Zwei Tage später, am Nachmittag des 24. Juni, taucht ein deutsches Bombergeschwader über der Stadt auf, etwa dreißig Flugzeuge. Irgendwo in einiger Entfernung detonieren die ersten Bomben. Aus Flakgeschützen werden Salven auf die Flugzeuge abgefeuert, aber ohne Erfolg – keines von ihnen fängt Feuer. Pausenlos heulen die Sirenen, im Radio verkündet eine Stimme monoton: „Luftangriff! Luftangriff!“
Der Hausmeister klopft an die Wohnungstür: Alle Hausbewohner müssen sich unverzüglich in den Schutzraum im Keller begeben. ‚Was soll das schon für ein Schutzraum sein‘, überlege ich. ‚Wenn das Haus getroffen wird, würden wir darunter ohnehin alle bei lebendigem Leibe begraben werden.‘
Am nächsten Tag macht sich Mutter bereit, zurück nach Līvāni zu fahren. Als wir sie zum Bahnhof begleiten, ist uns schwer ums Herz; wer weiß, wo, wann und ob wir uns überhaupt wiedersehen werden, wenn die Erde unter den Füßen brennt.
Mein Bruder Schalom 5ist als Freiwilliger zur Roten Armee gegangen. Ich beschließe, für eine Weile in Varakļāni bei unseren Verwandten unterzuschlüpfen. Ich bin davon überzeugt, dass die Rote Armee rasch mit dem Feind fertig wird.
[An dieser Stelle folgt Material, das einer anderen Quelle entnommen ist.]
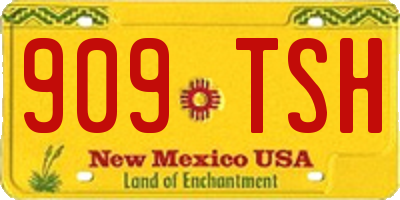 NM license plate 909TSH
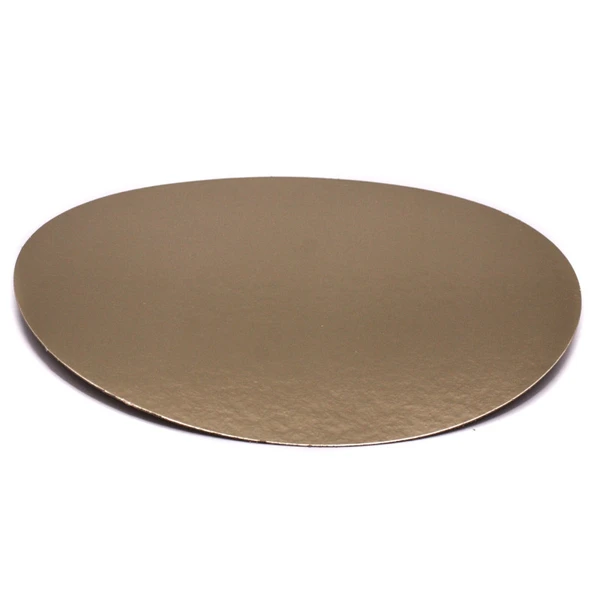 Подложка картон круглая d28см 0,8мм золото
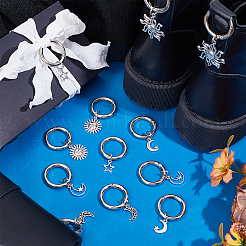 12 шт. 6 стильные подвески для обуви из сплава HJEW-PH02120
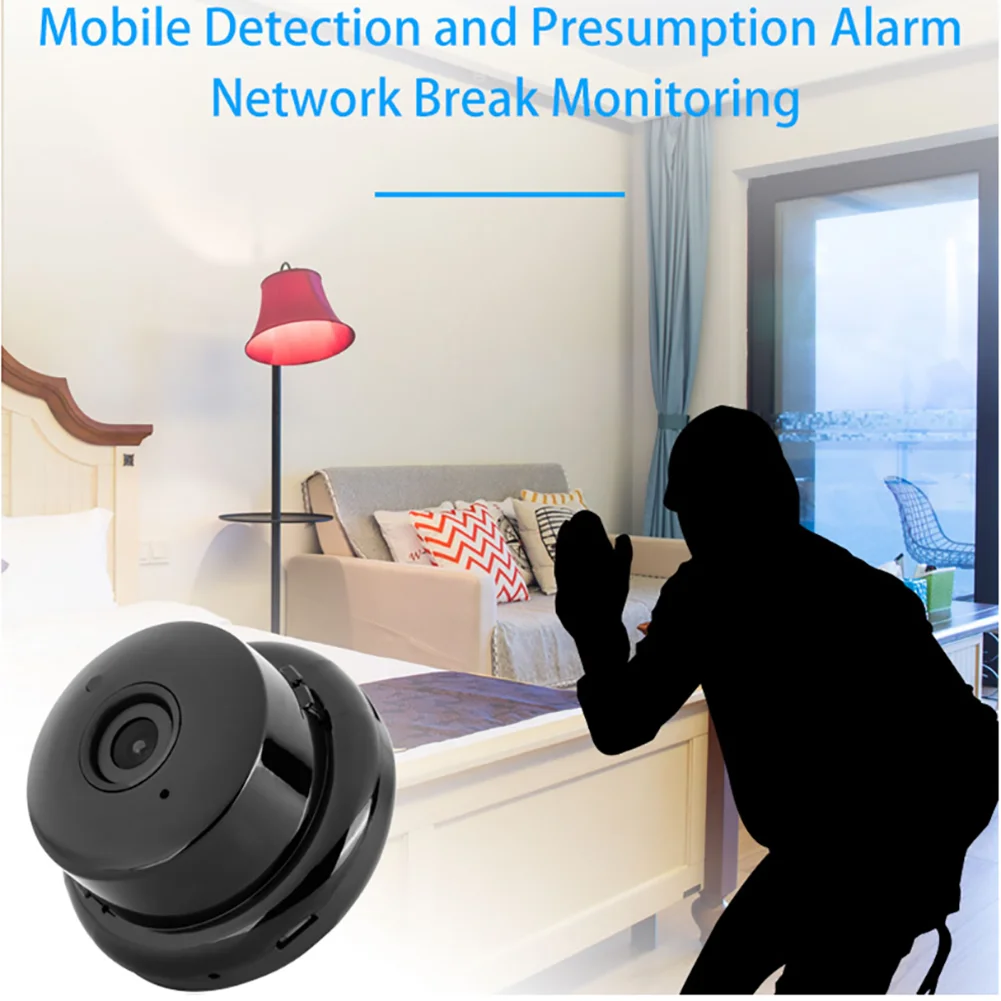 V380 Mini Wifi Kamera 1080p IP Kamera Brezžična CCTV Ir Nočno Vizijo Zaznavanje Gibanja 2-Way Audio Home Security Kamere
Meine Schwestern Sarah 6und Necham wollen jedoch in Riga bleiben. Beim Abschied schärfe ich ihnen ein, dass sie, wenn die Front näher rückt, Riga sofort verlassen und nach Russland fliehen sollten.
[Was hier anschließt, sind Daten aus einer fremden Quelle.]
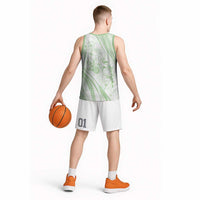 Sharks Couple Dreamy Polynesians Floral Sea Basketball Jersey Emerald LT7 - Polynesian Pride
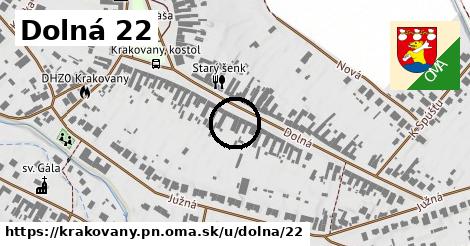 Dolná 22, Krakovany, okres PN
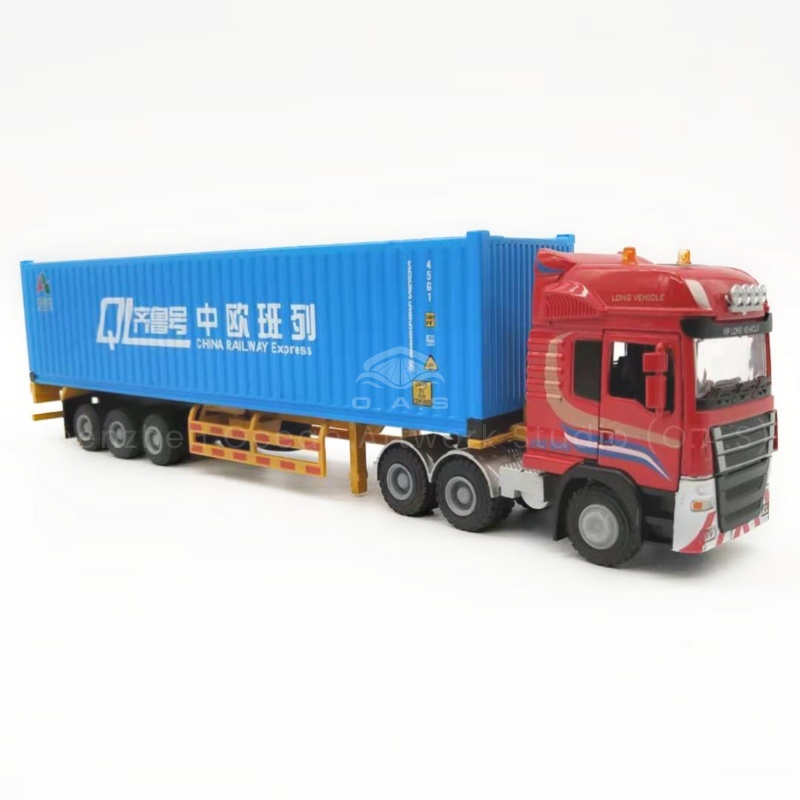 O.A.S model factory, focusing on model customization for 17 years. Its 1:50 alloy container truck model, carefully selected high-quality alloy, excellent texture, from the front to the container, carefully restore the real appearance of the set card. Can customize exclusive logo for shipping enterprises, integrate brand characteristics. As a shipping gift, it is suitable for business contacts and exhibition promotion, highlighting style and worry-free quality. Amber@vesselmodel.com Tel: +86 18038048785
Ich habe noch eine Fahrkarte ergattert und es geschafft, einen Zug nach Varakļāni 7zu bekommen, zu unseren Verwandten, den Talvinskis. Wie es sich zeigt, fahren viele Menschen in diese Richtung. Der Zug ist dermaßen überfüllt, dass die Türen der Wagen offen bleiben – sogar auf den Stufen stehen Leute. Als der Zug losfährt und Geschwindigkeit aufnimmt, strömt frische Luft in den Wagen, aber auch Rauch von der Lokomotive. Es herrscht Gedränge, die Reisenden haben besorgte Gesichter. Keiner spricht, nur hin und wieder ist das Aufschluchzen von Kindern zu hören. An den Bahnhöfen steigt weder jemand ein noch aus. Ich werde von der Menge fast erdrückt, vom Gewicht des Koffers fangen Hüften und Rippen an zu schmerzen. Erst in Krustpils steigt endlich ein großer Teil der Fahrgäste aus, und ich kann mich hinsetzen.
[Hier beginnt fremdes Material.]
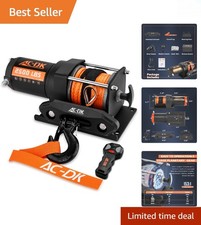 Robust 2500 Lb Atv Winch With Synthetic Rope Advanced Control For Easy Towing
Meine Sitznachbarin schaut aus dem Fenster und überlegt laut für sich: „Ich glaube, hier steigen die Leute in einen anderen Zug um und fahren weiter nach Daugavpils oder Zilupe, um über die Grenze nach Russland zu gehen.“ Ohne jede Vorwarnung fährt der Zug plötzlich los und wir lassen den überfüllten Bahnhof von Krustpils hinter uns.
Ich überlege, ob es die richtige Entscheidung war, nach Varakļāni zu fahren. Was passiert, wenn die Deutschen Lettland einnehmen und besetzen?
So erreichen wir Stirniene 8, und ich haste in Richtung Ausstieg. Am Bahnhof stehen Pferdegespanne bereit, um die Passagiere je nach Bedarf weiterzubefördern. Abends gegen acht treffe ich in Varakļāni ein.